This post will present one way to monitor iRODS with Nagios.
We will start with a Nagios service which will monitor the status of iRODS resource servers and if a resource server is non-responsive, mark all the iRODS resources on that server down. Finally we will create a Nagios service to monitor the percentage of a resource's capacity being used and generate Nagios warning and critical statuses for resources that have exceeded certain thresholds.
As a demonstration, we will set up an iRODS grid with one iCAT enabled server (catalog producer) and two iRODS resource servers (catalog consumers). Each server will host exactly one resource.
After setting up the servers, make sure each server can access the others by fully qualified domain name (FQDN). Install iRODS on each server. In this demonstration we installed iRODS 4.2 (preview).
We will use the default resources created on Resource1.example.org and Resource2.example.org.
The instructions that follow are based on Ubuntu (14).

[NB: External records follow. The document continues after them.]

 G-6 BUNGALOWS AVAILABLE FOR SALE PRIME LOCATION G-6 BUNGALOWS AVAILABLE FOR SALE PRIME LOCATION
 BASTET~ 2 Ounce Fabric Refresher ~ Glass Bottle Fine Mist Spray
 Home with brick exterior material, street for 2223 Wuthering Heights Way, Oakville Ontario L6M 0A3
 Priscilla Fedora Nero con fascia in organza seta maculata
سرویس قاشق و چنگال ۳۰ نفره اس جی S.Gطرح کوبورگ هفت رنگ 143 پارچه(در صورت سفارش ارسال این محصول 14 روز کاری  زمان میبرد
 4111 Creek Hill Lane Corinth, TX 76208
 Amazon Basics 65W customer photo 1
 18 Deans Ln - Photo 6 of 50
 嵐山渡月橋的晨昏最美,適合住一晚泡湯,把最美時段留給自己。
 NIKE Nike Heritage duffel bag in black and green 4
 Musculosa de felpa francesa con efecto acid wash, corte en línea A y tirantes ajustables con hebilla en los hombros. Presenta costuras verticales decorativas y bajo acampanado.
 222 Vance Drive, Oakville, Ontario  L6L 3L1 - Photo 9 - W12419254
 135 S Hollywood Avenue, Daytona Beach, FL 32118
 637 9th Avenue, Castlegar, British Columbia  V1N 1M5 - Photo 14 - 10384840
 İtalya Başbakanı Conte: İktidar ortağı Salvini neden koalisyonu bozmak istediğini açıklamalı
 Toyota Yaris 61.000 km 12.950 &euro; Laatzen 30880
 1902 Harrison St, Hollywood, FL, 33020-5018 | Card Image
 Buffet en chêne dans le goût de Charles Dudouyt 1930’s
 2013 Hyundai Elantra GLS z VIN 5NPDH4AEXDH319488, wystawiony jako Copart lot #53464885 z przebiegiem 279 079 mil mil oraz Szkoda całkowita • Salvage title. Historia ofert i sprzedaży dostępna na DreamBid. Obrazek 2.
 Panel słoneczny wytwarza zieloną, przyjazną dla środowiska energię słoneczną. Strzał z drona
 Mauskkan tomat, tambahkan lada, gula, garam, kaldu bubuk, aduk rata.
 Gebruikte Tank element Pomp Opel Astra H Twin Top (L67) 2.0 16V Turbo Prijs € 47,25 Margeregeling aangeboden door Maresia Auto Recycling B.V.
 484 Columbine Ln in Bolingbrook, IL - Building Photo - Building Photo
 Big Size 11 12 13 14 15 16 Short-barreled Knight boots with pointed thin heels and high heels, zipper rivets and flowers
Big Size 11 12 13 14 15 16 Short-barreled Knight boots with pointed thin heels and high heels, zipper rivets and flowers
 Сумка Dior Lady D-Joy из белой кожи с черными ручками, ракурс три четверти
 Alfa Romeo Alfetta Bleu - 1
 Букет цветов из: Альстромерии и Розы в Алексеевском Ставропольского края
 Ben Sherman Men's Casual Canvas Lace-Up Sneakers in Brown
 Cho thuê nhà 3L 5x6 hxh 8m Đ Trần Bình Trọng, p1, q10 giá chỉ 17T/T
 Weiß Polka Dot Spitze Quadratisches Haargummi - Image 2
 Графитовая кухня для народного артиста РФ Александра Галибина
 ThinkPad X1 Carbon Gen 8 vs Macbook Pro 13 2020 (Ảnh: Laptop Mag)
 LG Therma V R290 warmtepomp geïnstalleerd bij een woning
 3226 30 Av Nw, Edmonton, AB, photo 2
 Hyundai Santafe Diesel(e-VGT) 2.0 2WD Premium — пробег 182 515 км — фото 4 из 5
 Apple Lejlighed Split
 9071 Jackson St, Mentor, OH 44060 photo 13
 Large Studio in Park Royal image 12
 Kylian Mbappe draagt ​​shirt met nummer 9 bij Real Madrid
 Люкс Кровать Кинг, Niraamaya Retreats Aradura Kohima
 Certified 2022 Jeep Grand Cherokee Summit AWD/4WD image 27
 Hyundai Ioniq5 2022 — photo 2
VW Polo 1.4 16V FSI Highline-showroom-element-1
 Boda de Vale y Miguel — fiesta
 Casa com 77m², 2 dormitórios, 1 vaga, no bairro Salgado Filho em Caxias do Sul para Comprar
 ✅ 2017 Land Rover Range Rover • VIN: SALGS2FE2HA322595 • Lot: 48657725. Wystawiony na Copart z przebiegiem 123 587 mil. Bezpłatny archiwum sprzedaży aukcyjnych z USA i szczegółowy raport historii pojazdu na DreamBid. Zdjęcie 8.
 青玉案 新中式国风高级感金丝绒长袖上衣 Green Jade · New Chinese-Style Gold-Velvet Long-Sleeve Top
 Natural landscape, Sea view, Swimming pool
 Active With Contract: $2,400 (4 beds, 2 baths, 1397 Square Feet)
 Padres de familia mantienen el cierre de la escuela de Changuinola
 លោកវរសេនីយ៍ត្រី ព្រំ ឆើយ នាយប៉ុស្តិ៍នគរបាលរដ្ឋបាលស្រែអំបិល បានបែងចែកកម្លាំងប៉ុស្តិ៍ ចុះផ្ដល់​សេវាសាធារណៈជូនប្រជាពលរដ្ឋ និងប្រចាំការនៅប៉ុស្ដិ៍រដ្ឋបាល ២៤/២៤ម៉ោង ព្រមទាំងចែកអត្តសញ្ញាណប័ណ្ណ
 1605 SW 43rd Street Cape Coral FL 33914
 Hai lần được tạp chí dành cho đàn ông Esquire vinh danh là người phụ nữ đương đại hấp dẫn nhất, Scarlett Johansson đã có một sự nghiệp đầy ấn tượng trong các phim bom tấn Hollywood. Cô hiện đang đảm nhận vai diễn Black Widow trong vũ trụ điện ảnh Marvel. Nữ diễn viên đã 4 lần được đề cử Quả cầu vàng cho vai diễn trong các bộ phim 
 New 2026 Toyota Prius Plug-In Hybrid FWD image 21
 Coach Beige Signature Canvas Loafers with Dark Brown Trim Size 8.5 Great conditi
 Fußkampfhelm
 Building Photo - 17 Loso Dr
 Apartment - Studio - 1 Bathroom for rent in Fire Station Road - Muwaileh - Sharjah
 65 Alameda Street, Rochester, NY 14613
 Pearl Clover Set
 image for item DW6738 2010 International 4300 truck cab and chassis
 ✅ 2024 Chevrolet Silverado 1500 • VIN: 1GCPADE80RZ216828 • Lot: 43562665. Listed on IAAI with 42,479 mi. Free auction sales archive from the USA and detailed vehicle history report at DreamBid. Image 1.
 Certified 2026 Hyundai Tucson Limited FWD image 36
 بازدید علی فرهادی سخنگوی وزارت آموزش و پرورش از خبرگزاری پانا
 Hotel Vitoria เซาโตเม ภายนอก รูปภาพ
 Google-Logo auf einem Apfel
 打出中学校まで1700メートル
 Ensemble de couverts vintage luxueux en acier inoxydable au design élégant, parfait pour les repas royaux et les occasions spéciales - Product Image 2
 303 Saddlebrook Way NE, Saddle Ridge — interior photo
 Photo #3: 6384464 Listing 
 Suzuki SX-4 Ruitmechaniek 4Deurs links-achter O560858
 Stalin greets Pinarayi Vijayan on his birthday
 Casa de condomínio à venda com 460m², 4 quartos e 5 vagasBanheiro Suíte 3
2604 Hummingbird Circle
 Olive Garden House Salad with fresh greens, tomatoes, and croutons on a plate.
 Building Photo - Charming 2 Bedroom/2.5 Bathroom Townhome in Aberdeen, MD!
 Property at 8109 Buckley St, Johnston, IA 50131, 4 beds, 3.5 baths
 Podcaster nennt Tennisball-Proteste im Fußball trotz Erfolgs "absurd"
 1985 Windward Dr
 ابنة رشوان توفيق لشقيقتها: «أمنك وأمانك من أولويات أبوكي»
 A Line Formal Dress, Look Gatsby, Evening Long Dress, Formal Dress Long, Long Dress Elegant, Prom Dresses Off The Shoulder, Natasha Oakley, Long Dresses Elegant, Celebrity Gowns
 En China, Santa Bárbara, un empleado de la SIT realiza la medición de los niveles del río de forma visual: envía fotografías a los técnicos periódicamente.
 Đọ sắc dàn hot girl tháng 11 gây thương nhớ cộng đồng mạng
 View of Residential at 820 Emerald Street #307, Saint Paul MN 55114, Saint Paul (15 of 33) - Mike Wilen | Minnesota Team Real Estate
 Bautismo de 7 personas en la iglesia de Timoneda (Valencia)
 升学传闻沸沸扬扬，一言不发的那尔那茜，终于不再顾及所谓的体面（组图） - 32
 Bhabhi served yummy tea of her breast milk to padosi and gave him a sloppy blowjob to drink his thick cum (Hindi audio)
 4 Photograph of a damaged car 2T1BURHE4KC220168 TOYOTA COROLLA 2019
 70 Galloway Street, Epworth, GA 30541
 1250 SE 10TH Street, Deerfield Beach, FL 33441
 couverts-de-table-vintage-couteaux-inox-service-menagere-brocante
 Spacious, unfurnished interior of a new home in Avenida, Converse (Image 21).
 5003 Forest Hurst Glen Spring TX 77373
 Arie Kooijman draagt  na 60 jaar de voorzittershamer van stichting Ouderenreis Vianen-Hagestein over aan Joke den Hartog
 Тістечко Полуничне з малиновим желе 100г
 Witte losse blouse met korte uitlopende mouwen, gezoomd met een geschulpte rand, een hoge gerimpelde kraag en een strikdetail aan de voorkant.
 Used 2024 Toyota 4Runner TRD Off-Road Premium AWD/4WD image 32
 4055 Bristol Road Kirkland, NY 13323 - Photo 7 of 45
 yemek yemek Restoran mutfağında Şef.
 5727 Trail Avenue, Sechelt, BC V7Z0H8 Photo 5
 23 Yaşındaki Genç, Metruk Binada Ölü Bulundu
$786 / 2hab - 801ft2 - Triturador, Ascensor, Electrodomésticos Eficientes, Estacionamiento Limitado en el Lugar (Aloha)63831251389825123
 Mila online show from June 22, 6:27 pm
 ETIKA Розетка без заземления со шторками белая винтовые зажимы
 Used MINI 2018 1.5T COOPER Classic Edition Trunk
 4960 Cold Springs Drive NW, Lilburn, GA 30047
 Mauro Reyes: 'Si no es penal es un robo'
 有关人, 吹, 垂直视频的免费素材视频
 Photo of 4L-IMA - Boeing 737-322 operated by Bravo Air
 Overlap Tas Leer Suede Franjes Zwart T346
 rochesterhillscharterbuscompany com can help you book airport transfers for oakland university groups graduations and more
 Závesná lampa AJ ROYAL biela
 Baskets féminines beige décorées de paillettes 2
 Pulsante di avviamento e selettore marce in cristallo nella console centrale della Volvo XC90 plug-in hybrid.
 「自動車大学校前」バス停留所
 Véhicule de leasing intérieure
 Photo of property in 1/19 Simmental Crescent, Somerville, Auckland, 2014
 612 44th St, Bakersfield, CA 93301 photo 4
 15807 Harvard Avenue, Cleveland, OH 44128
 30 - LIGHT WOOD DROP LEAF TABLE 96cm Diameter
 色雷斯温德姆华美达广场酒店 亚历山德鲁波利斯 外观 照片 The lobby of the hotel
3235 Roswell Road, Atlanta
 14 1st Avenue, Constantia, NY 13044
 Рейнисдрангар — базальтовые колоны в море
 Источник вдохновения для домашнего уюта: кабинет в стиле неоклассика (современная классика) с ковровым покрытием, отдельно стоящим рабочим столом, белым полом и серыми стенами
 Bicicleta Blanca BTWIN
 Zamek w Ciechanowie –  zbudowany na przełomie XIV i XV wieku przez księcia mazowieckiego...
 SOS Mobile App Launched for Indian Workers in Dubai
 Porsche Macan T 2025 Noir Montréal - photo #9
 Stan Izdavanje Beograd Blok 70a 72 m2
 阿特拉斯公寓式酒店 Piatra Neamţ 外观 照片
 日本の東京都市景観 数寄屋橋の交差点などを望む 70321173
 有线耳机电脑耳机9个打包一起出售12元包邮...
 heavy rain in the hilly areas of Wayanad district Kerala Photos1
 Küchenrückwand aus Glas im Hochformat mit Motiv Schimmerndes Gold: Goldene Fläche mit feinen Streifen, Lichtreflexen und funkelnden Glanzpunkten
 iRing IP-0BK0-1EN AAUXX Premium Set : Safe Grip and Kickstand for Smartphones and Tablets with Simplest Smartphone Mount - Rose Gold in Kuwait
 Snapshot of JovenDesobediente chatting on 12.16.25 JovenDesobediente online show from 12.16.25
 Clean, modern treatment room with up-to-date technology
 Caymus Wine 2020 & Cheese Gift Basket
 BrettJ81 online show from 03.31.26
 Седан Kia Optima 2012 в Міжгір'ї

Minor changes would be needed if installed on another Linux distribution.
We have created a simple application which will ping the iRODS services on each server. This application performs an rcConnect() to an iRODS server given the IP or hostname and port.
To build the iping binary we need to first build the iRODS externals as described in Building iRODS Externals.
After the externals are built, we need to clone the iRODS contrib package from GitHub, build and then install the iping package.
Perform the following steps on ICAT.example.org:
export PATH=/opt/irods-externals/cmake3.5.2-0/bin:$PATH
cd ~
git clone https://github.com/irods/contrib
mkdir ipingbuild
cd ipingbuild
cmake ~/contrib/iping
make package
sudo dpkg -i irods-iping_4.2.0~trusty_amd64.deb
Now let's test the iping command:
$ iping -h Resource1.example.org
OK : connection to iRODS server successful
$ iping -h Resource2.example.org
OK : connection to iRODS server successful
$ echo $?
0
As another test, bring down one of the resource servers by either shutting down the machine or stopping the iRODS service (or possibly specifying a port other than the default of 1247).
$ iping -h Resource1.example.org -p 1247
ERROR: _rcConnect: connectToRhost error, server on Resource1.example.org:1247 is probably down status = -305111 USER_SOCK_CONNECT_ERR, Connection refused
$ echo $?
2
The iping command will return a return code of 2 on failure. This will be used by Nagios to determine success (0) or failure (2).
For simplicity, we will install Nagios on the iCAT server since we already have the iping command installed there.
sudo apt install nagios3 nagios-nrpe-plugin
Go to the local Nagios web tool to make sure everything is up. This would be http://localhost/nagios3/ if running from a browser on the iCAT server. Use "nagiosadmin" and the password you specified during Nagios installation.
We need to create a directory for iRODS configuration and update the nagios.cfg to look for configuration files in this new directory.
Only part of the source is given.